The first few minutes of Tenet will, in fact, remind you of Nolan’s Dark Knight films. The film opens with a breathless, fast-paced mission during a terrorist siege at the Kyiv Opera in Ukraine, and parachutes the protagonist (simply known as The Protagonist through the film), played impressively by John David Washington, into an operation called Tenet. It involves technology that can reverse an object’s entropy. This is presumably being used both in the present and in the future to invert time and space in ways unimaginable, and it has the means to spark off World War III and potentially end the world. That sets off The Protagonist not only on a globe-trotting mission, but also back and forth in time, enabled by temporal pincer movements.
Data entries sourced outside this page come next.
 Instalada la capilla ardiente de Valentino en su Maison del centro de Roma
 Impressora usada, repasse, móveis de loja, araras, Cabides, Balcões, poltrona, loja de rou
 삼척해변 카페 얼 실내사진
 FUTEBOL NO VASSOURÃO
If you aren’t reading this review fearing spoilers, then let me assure you that this apprehension is unfounded. It’s virtually impossible to describe Tenet, and even repeated viewings of this carefully mounted puzzle will boggle even the most devout Nolan fans. In many ways, Tenet is a Rubik’s Cube convoluted in a way where you feel that the colours align seamlessly at a point, only to have the film throw something at you the very next minute that you really can’t fit in, and you need to start all over again. “Does your head hurt yet?” Robert Pattinson’s debonair agent Neil asks The Protagonist at one point. That perhaps best sums up the film. But curiously, often reaching a dead end doesn’t feel all that exasperating because Tenet delivers a cerebral spectacle unlike anything one would have watched in recent times.
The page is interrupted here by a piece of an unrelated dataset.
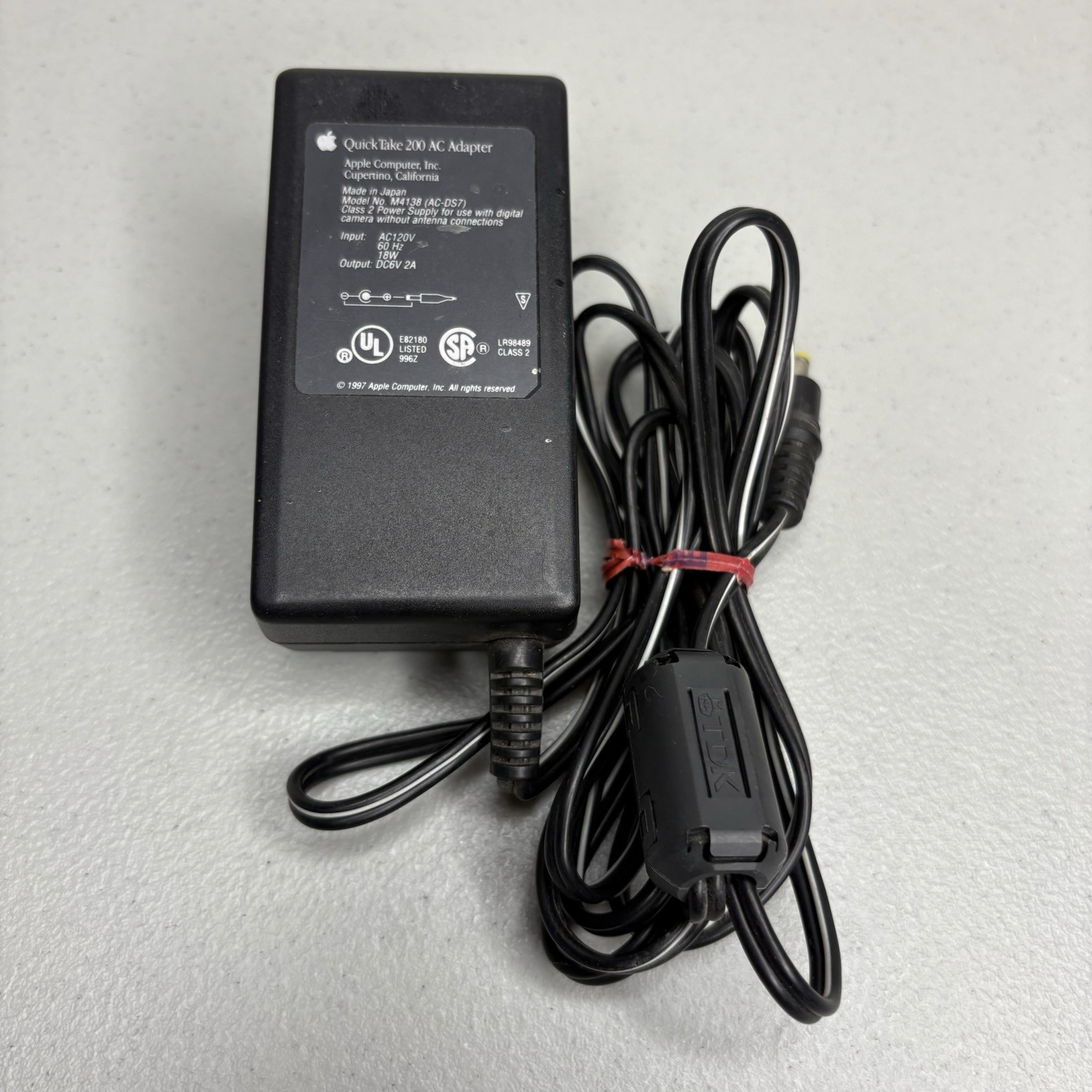 Apple AC Power Adapter M4138 (AC-DS7) for QuickTake 200 Digital Camera OEM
Neil is one of the more interesting characters in Tenet, and Pattinson plays him with a kind of old-school nonchalance that we get to see in the agents of classic spy films. Neil’s interactions with The Protagonist, a budding bromance of sorts, will tease a smile out of you. The two rappel their way into a highrise in Mumbai, and out comes Dimple Kapadia’s Priya in a part that’s not only meaty and with meaning, but also feels tailormade for the ageless actor. Filling out the film’s other female part of consequence is Elizabeth Debicki’s Kat, married to Russian oligarch Andrei Sator (Kenneth Branagh), the man with the key to the apocalypse that The Protagonist, in sharply cut suits much like 007, is racing against, with, before and after time to prevent.
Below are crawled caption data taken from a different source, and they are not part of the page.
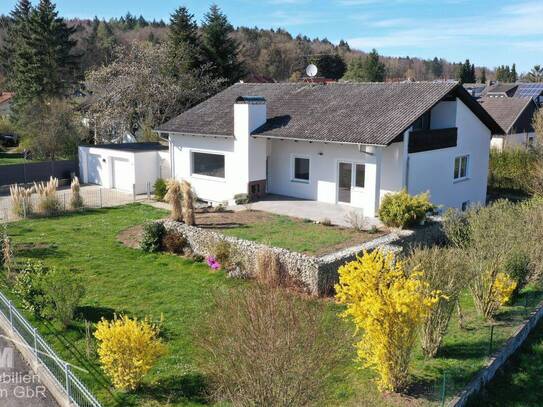 Gepflegter Bungalow mit herrlichem Garten und Doppelgarage in bevorzugter Lage von Breitenbrunn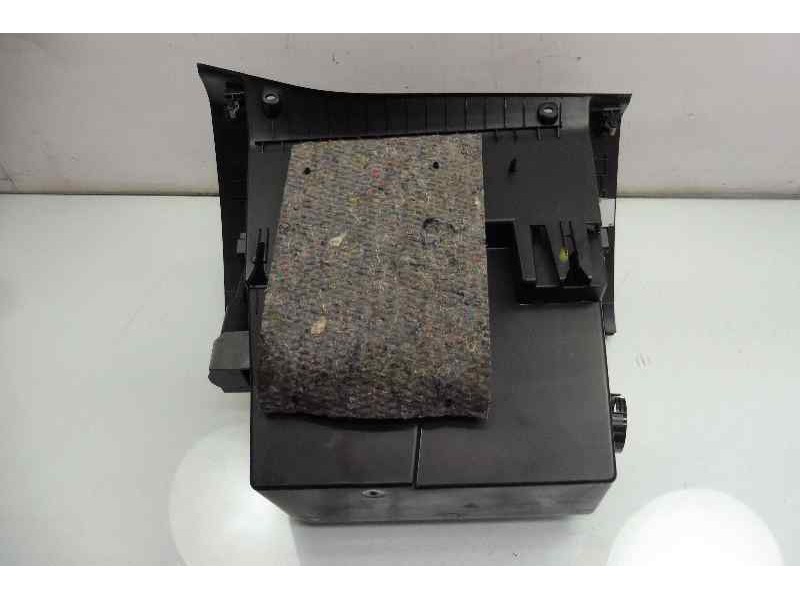 Recambio de guantera para peugeot 308 sw allure referencia OEM IAM 9677995177  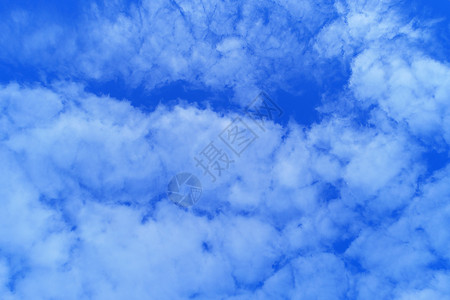 积雨云夏天在蓝背景的美丽白云在蓝天背景的白云抽象图片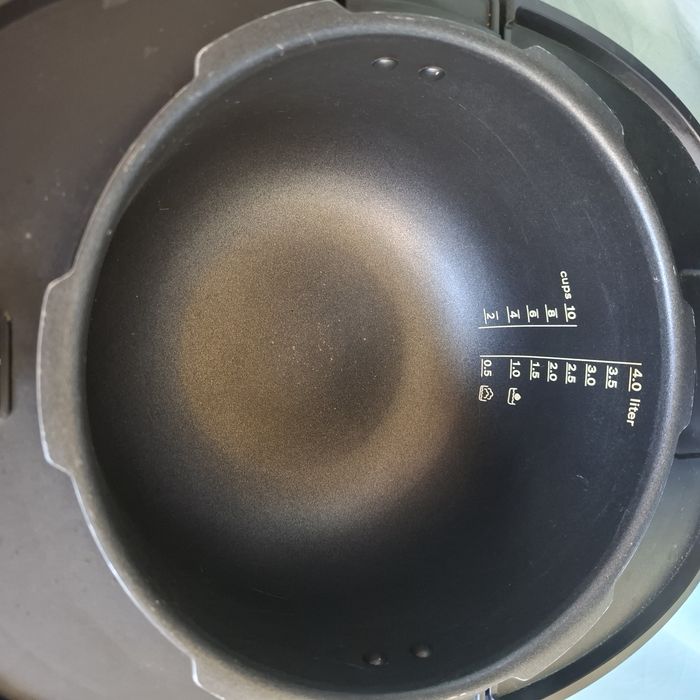 Мультиварка-скороварка BOSCH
Tenet is meant to be a larger-than-life, big-screen wallop and it delivers spectacularly on that front. Whether it’s a jumbo jet crashing into an airport building in Oslo (no, it’s not computer graphics) or that jaw-dropping inversion sequence involving cars which reportedly made Nolan shut down a highway in Estonia for weeks together, Tenet doesn’t fall short when it comes to scoring with moments that will make your eyeballs shoot up to your eyebrows. Hoyte van Hoytema — the man who has also shot Nolan’s Interstellar and Dunkirk — excels.

Though Tenet addresses themes of destiny and karma, and even touches upon the world of the future that our callousness in the present is leaving for those after us, this is a film where emotions are not given enough space to develop even when the set-up is well and truly there.

As it plunges deep into a breathless and breathtaking climax, Tenet flirts with growing inscrutability, but there’s something heady about watching soldiers race forward and backward in time to acquire an algorithm to save the world.

And that’s what Tenet essentially is: a heady ride, but not one that will always make sense in your head. Bewildering has never been this dazzling.